Casting out fear. If we believe that God can do all things, that He loves us, and wants good things for us as His children not just in heaven, but here on earth too, then His character alone should encourage us to have faith and tell that fear to go hell (which is where it came from to begin with). Every morning, or every minute that fear or anxiety creeps in, stop and pray. Prayer is your direct line to God, your direct line to the peace that literally surpasses all understanding. Despite your circumstances, the stupid things people might say, the lies swirling around in your head, God has the whole world in His hands, including you. Give that fear back to Him, knowing He is the God of the Universe who also happens to love you and care about everything you care about. He’s a good Dad and He will take care of you, and that baby or future baby. Lay those fears at His feet every time you feel the fear rising again, and I promise you He will meet you there with confidence and hope.

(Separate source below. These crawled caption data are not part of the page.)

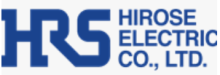Hirose Electric Co Ltd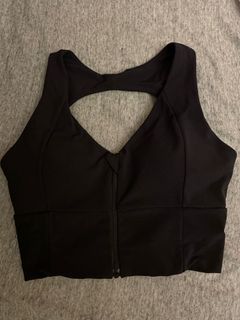 （分類：）位於 。 由 celestehappy 提交（商品編號 1217572700，圖片 1）。簡介： 。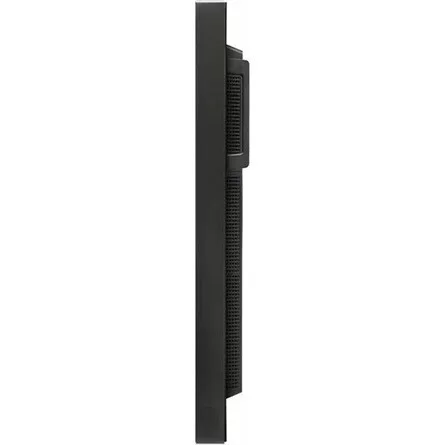 LG VIS LG 24/7 Signage kijelző 75" 75XS4P, 3840x2160, 4.000cd/m2, HDMIx2/DisplayPort/RS232C/RJ45/USB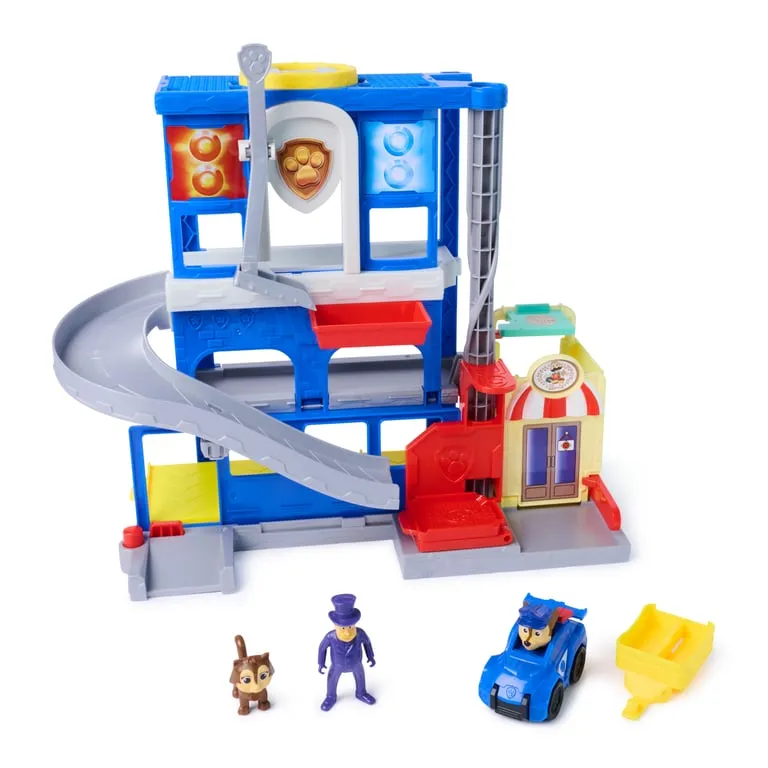 paw-patrol-6074775-samochodzik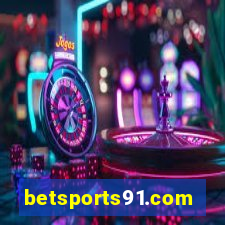 betsports91.com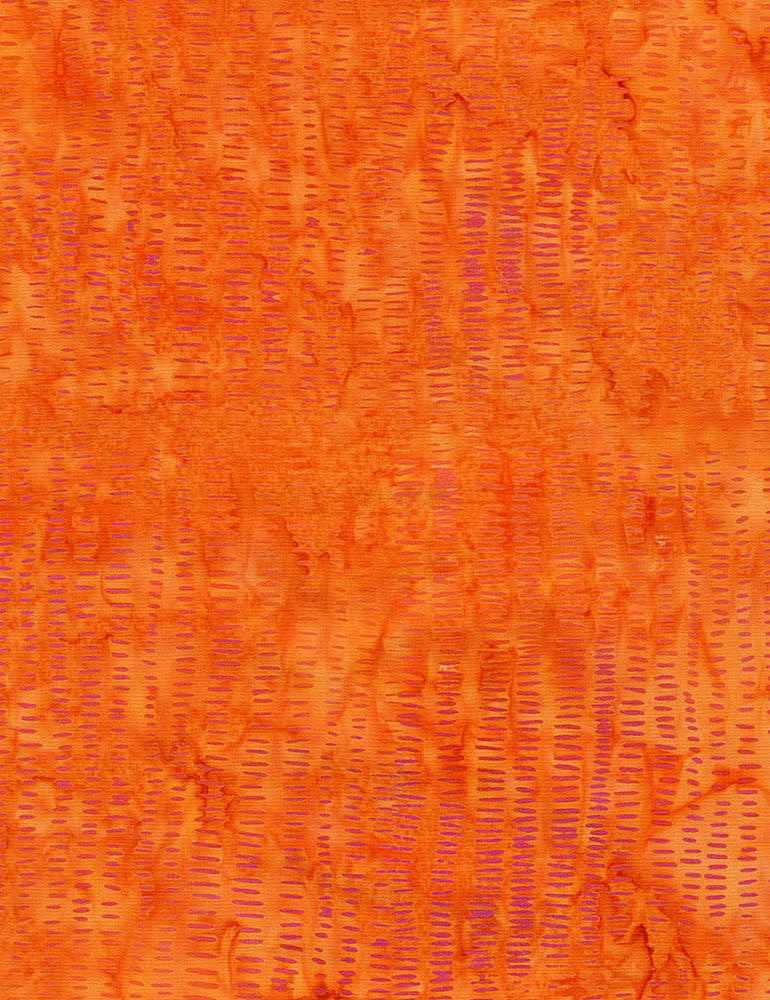 Tonga Fiesta - Little Lines - TONGA-B8182  SUN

God can move mountains. Do you believe in the power of God? That’s a big question you need to answer for yourself before this Truth can sink in to your heart and mind. I’ve seen His power first-hand time and time again, and I’ll never underestimate His power in my life again. If I truly believe God can move mountains, raise people from the dead, then I also believe that He can knit this baby together perfectly (or bring you that perfect baby however He chooses to do it) even if my body isn’t capable. When I was pregnant with Kennedy (our now almost 5 year old), I had this verse written out so I could see it everyday: “For truly, I say to you, if you have faith like a grain of mustard seed, you will say to this mountain, ‘Move from here to there,’ and it will move, and nothing will be impossible for you.” (Matthew 17:20) Read it again, write it down, pray over it, because it Has POWER. God’s plans are always better than our plans, He loves us with a crazy love, and I’ve seen Him redeem any situation that seemed impossible when it came to becoming parents. So despite my past experiences, despite my own fears and insecurities, I can truly believe that God brought us to this place, and He will work in miraculous ways, because NOTHING is impossible for God.
All we need is a tiny faith in a BIG God. He has the power of life and death, and believe with me that He can and will work all things for the good of those who love Him and are called according to His purpose. Need help believing that? Then you need to tap into it. He’s always there waiting for us to just BE with Him. Spend some time in prayer. Decide to stop and pray before calling your friend, mom or sister. Ask those people to be praying for you too because prayer is POWERFUL.
If you’re feeling fearful today, pray this with me:
God, if I’m honest, I’m fearful. I don’t know how this will all work out. I’m trying to control things that are simply out of my control. I relinquish these fears to you and lay them at your feet. I will do this every day when I start to become fearful again. God, I trust you, I know that you love me and have an amazing plan for me. Help me remember today and everyday how deep your love is for me, and how much you want good things for me, not just in heaven, but on this earth also.